Quant au vote dans l’immédiat d’un tel amendement au milieu de ce projet de budget, je ne vois pas comment il serait possible d’en compenser le coût pour les finances publiques.

Comme le dit le rapporteur général, l’idée d’une hausse de la TVA peut être avancée dans le débat, mais, à ce stade, telle n’est pas la proposition du Gouvernement, et je ne crois pas que les esprits de nos concitoyens aient été préparés, politiquement, à ce type de décision.

Demande de retrait ou, à défaut, avis défavorable.

M. le président. Je mets aux voix l’amendement n° I-602 rectifié.

(Lamendement nest pas adopté.)

M. le président. Je suis saisi de deux amendements faisant l’objet d’une discussion commune.

L’amendement n° I-756 rectifié bis, présenté par M. Fargeot, Mme Billon, MM. Delcros et Longeot, Mmes Jacques et Loisier et M. Courtial, est ainsi libellé :

Après l’article 2

Insérer un article additionnel ainsi rédigé :

I. – Le I de l’article 194 du code général des impôts est ainsi modifié :

1° Le tableau du deuxième alinéa est ainsi rédigé :

« 

SITUATION DE FAMILLE

NOMBRE DE PARTS

Célibataire, divorcé ou veuf sans enfant à charge

1

Marié sans enfant à charge

2

Célibataire ou divorcé ayant un enfant à charge

2

Marié ou veuf ayant un enfant à charge

3

Célibataire ou divorcé ayant deux enfants à charge

3

Marié ou veuf ayant deux enfants à charge

4

Célibataire ou divorcé ayant trois enfants à charge

3,5

Marié ou veuf ayant trois enfants à charge

4 ,5

Célibataire ou divorcé ayant quatre enfants à charge

4

Marié ou veuf ayant quatre enfants à charge

5,5

Célibataire ou divorcé ayant cinq enfants à charge

5

Marié ou veuf ayant cinq enfants à charge

6

Célibataire ou divorcé ayant six enfants à charge

5,5

 » ;

2° Au troisième alinéa, le mot : « part » est remplacé par le mot : « demi-part » ;

II. – La perte de recettes résultant pour l’État du I est compensée, à due concurrence, par la création d’une taxe additionnelle à l’accise sur les tabacs prévue au chapitre IV du titre Ier du livre III du code des impositions sur les biens et services.

La parole est à M. Daniel Fargeot.

M. Daniel Fargeot. Quelque 36 % des familles françaises ont un enfant ; 42 % d’entre elles en ont deux.

Pourtant, les modalités d’attribution des parts de quotient familial sont plus favorables à partir du troisième enfant, c’est-à-dire pour 21 % des familles. Une large majorité des familles n’est donc pas pleinement soutenue par le mécanisme du quotient familial.
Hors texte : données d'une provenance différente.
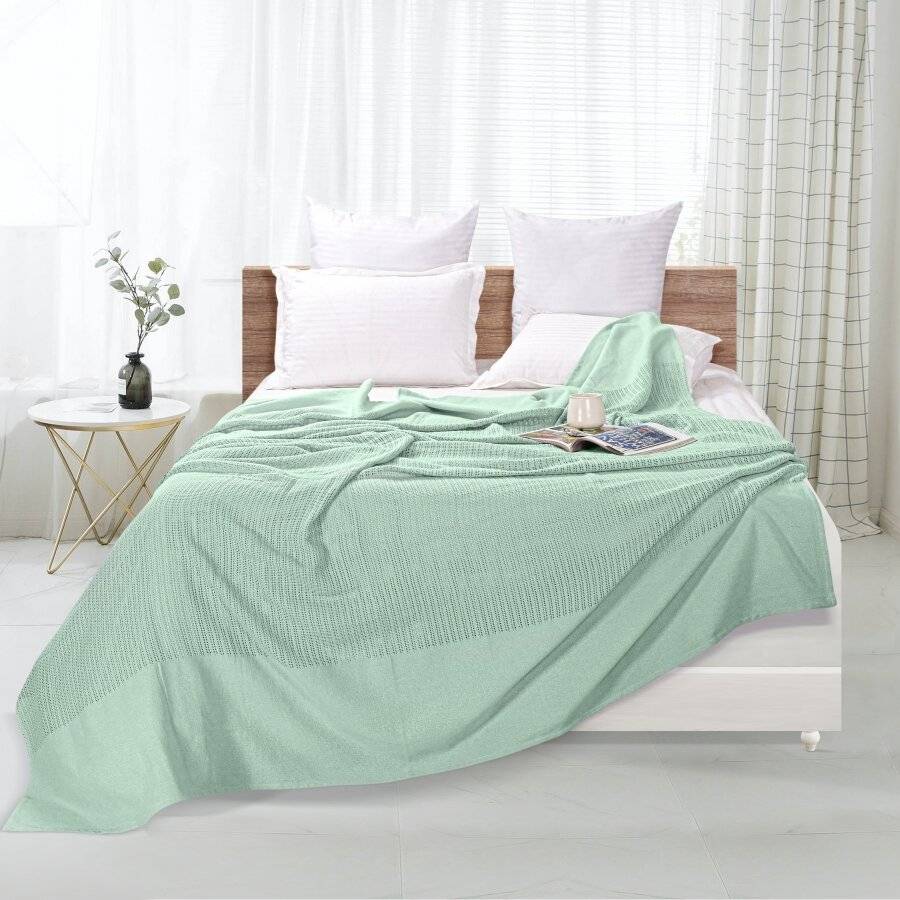 EHC Lightweight Hand Woven Adult Cellular Cotton Blanket - Sage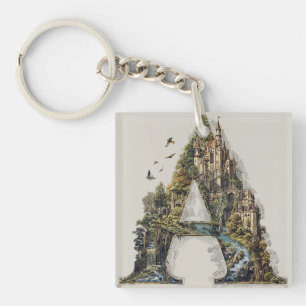 Porte-clefs Lettre Fantastique A avec des Châteaux dans le Liv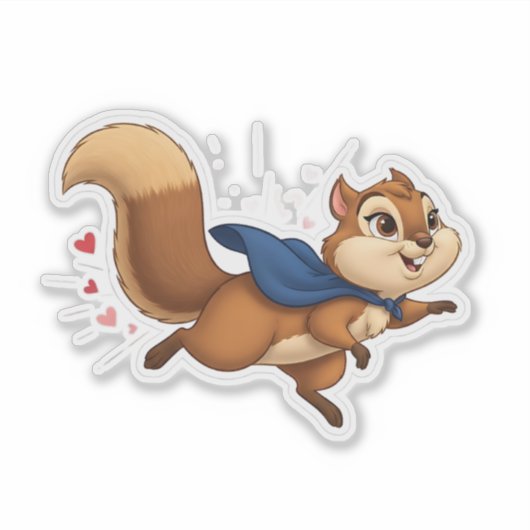 Superheld Squirrel - "Go Nuts for Justice! Sticker (Voorkant)
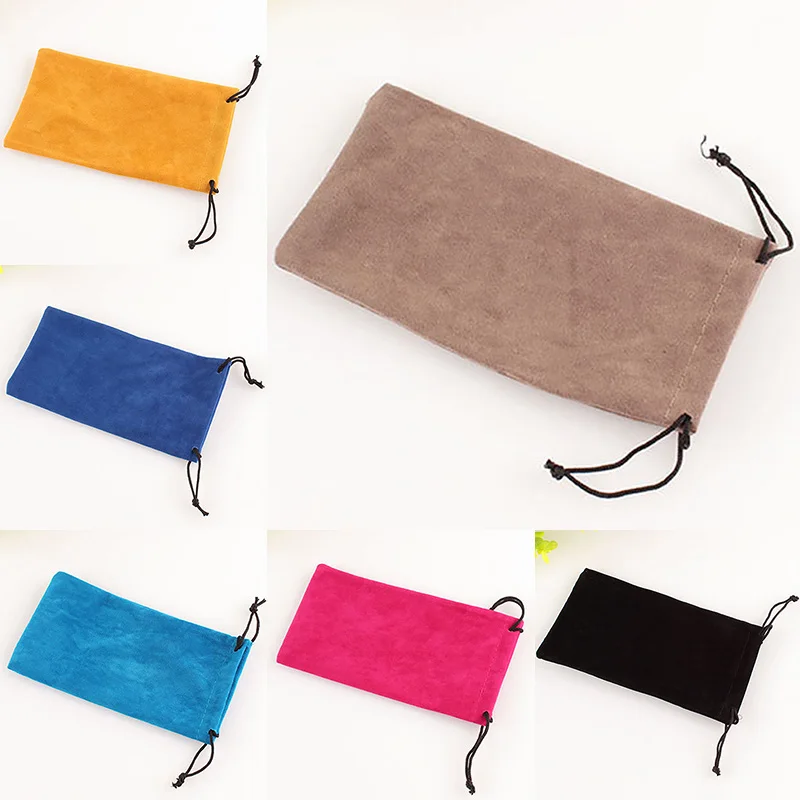 Solid Color Soft Velvet Sunglasses Bag Colorful Portable Drawstring Eyeglasses Pouch Myopia Glass Case Eyewear Storage Accessory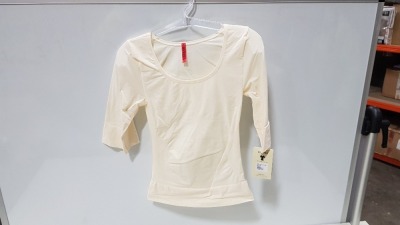 15 X BRAND NEW SPANX VANILLA MEDIUM ELBOW LENGTH SCOOP NECK SHIRTS (PICK LOOSE)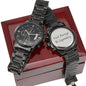 Black Chronograph Watch 'Fuck Average Be Legendary' Engraved with Luxury Mahogany Box w/LED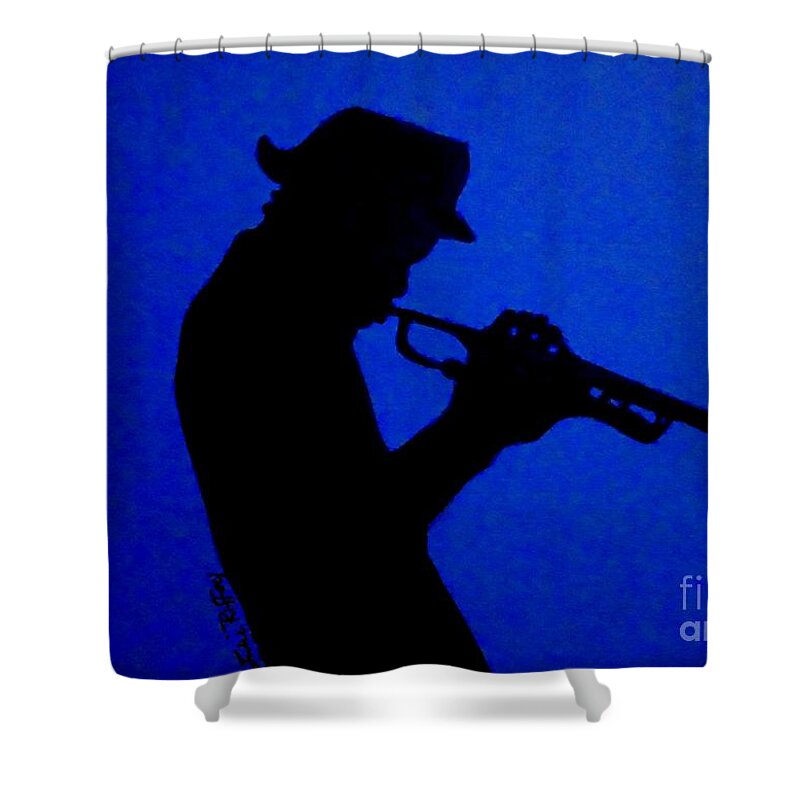 Blues Shower Curtain featuring the drawing Blues Man by Julie Brugh Riffey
Cet amendement vise à envoyer un signal fort auprès de ces dernières, en leur attribuant une part entière dès le premier enfant et jusqu’au deuxième. Ce faisant, nous encouragerions également les familles qui ont un enfant à en avoir un deuxième.

Il s’agit donc de renforcer immédiatement le gain fiscal pour les familles actives, dans un contexte de natalité historiquement basse.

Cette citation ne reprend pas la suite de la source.